Combine approximately 1.5 lbs of lean ground beef with .5 to .75 lbs of ground pork (more or less). Add approximately 1/2 cup of finely diced sweet onion, some dried oregano (approximately 1 teaspoon) and salt and pepper. For a softer meatball, you can also add a little milk (about 1/4 to 1/2 cup). With your clean hands, mix everything together distributing the ingredients. Form small balls and place in your crock pot.

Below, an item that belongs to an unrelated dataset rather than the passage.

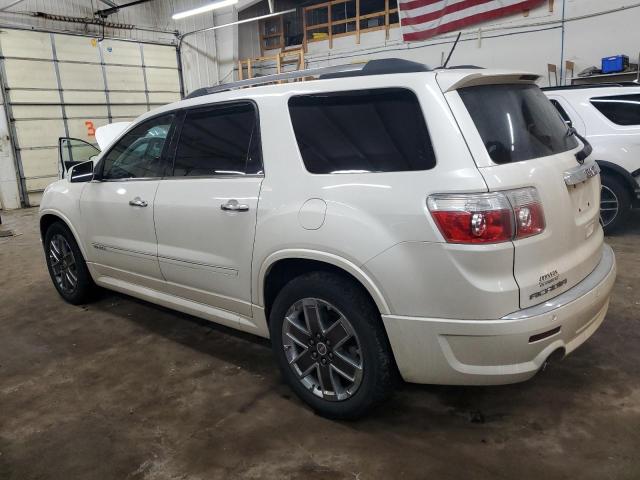 Foto 2 de la subasta – 2012 GMC ACADIA DEN con VIN 1GKKVTED2CJ335917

Refrigerate your meatballs until you’re ready to cook them. They will take approximately 3 hours on high or 5 hours on low. Ready to cook? Add one jar of your favorite tomato sauce and half to 1 full can of tomato paste (depending on how saucy you like your tomato sauce). I prefer Classico, tomato and basil. If you find there is too much grease rendered from the meat after cooking, use a turkey baster to remove some of the excess oil on the surface. Follow the package directions for your favorite pasta until it is cooked el dente. In a large pan or warmed pasta bowl, combine the pasta with the meatballs and sauce. Gently toss with tongs and top with freshly grated Parmesan cheese and a splash of extra virgin olive oil. Buon appetito!